About this exercise: With the pictures left out, transcribe exactly the lines from the one with "Opel Astra H, 2010" through the end of the data.

Data extracts:
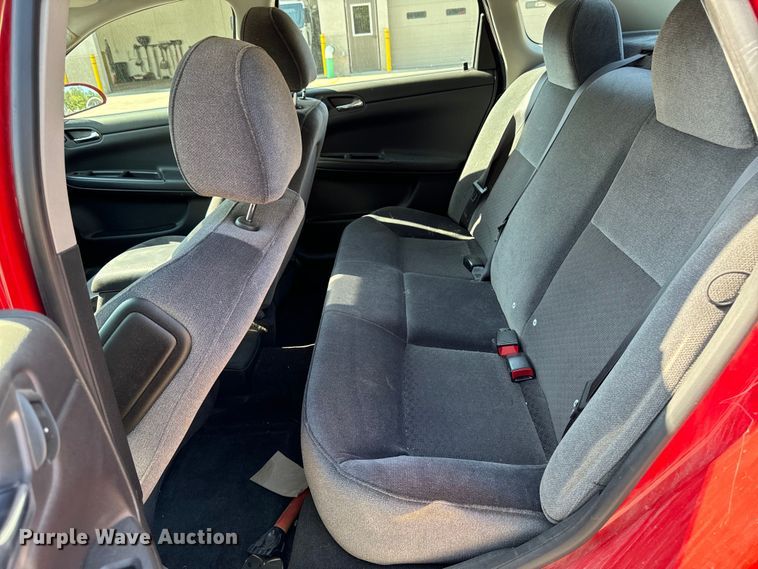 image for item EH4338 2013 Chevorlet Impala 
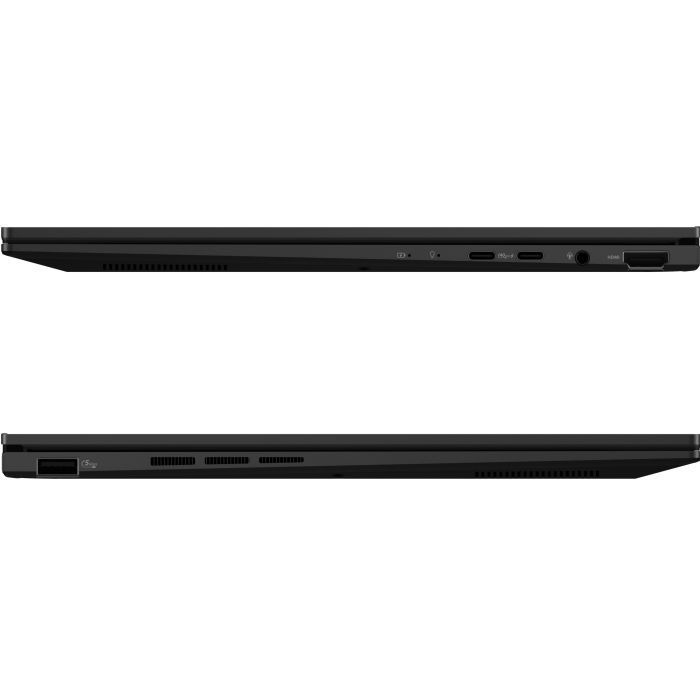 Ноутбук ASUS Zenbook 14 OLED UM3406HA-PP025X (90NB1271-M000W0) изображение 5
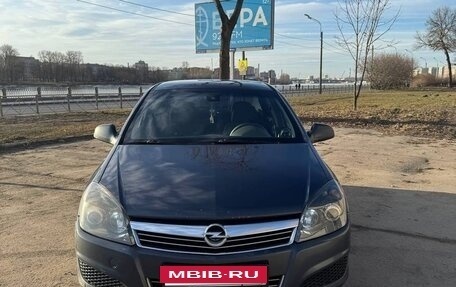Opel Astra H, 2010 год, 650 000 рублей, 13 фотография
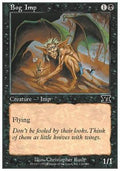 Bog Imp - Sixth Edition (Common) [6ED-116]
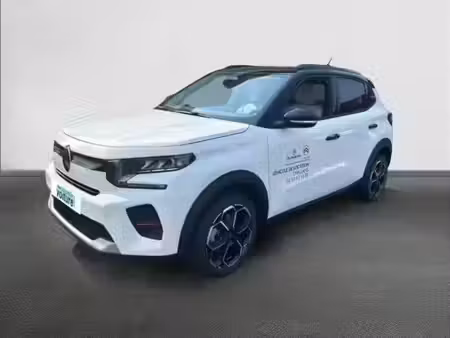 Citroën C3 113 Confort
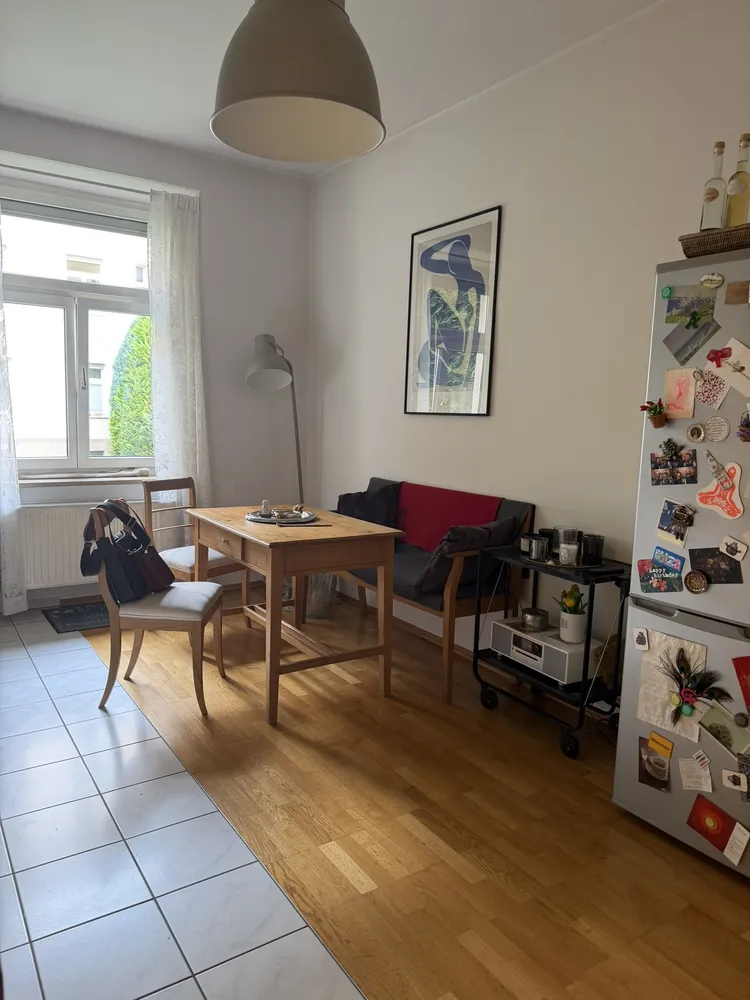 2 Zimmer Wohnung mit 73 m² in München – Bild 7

Answer to the problem:
Opel Astra H, 2010 год, 650 000 рублей, 13 фотография
 Bog Imp - Sixth Edition (Common) [6ED-116]
 Citroën C3 113 Confort
 2 Zimmer Wohnung mit 73 m² in München – Bild 7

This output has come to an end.